P.-A. Nobs: Il n’était pas illogique que les producteurs se tournent vers l’Etat pour compléter la somme dont ils avaient besoin. Car on sait qu’une part du revenu agricole vient sous forme de paiements directs. Ce n’est donc pas hors de propos de faire cette demande. Il faut également dire que cette aide n’est pas destinée à une entreprise en difficulté, car Cremo n’est pas en difficulté. On aide à créer quelque chose de nouveau. Le précédent, redouté par certains, va donc se limiter à peu de chose.
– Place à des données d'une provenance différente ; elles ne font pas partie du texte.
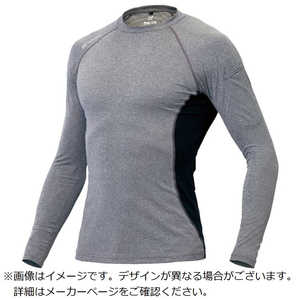 �����ȥ� �䴶�ץ��ȥ���ץ쥹�ե��å�Ĺµ����� �ݥ��졼 5L AZ106101045L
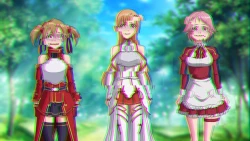 Page 65 of collections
Il faut enfin ajouter que ces crédits publics ont tous été prélevés sur des fonds agricoles: ils n’ont pas été pris dans d’autres départements. Est-ce alors un précédent d’aider au développement de l’économie fribourgeoise?

– Certaines critiques, formulées par les fromagers, concernent le pouvoir de Cremo, qui aurait la capacité d’imposer des restructurations. Que répondez-vous?
C’est une crainte infondée.

– Dans les négociations avec l’Etat, votre entrée dans l’Interprofession du Gruyère n’a-t-elle pas été discutée?
A. Gobet: Non, d’aucune façon. Nous ne faisons pas partie de l’IPG, même si nous nous acquittons de tous les devoirs. Quels seraient nos intérêts à y être? L’avantage, c’est que nous n’avons pas besoin d’en sortir! Pour l’instant, nous avons décidé de suivre les règles. Il y a une espèce de noyautage au sein de l’IPG qui crée un climat hostile à l’entreprise Cremo. Nous avons de la peine avec la conception qui est faite d’une interprofession. Il n’y a donc pas de raison d’y entrer, dans ces conditions.

– Les fromagers vous reprochent de n’avoir pas réduit la production de Gruyère comme l’IPG l’a exigé à la fin de l’été…
P.-A. Nobs: Nous avons diminué notre production de Gruyère comme tous les autres. Et j’aimerais bien que cela soit vraiment comme tous les autres. Mais il y a un problème à régler, qui concerne les critères de calcul. Car l’IPG n’accepte pas d’intégrer à notre production le quota de certaines fromageries qui ont été transférées chez nous.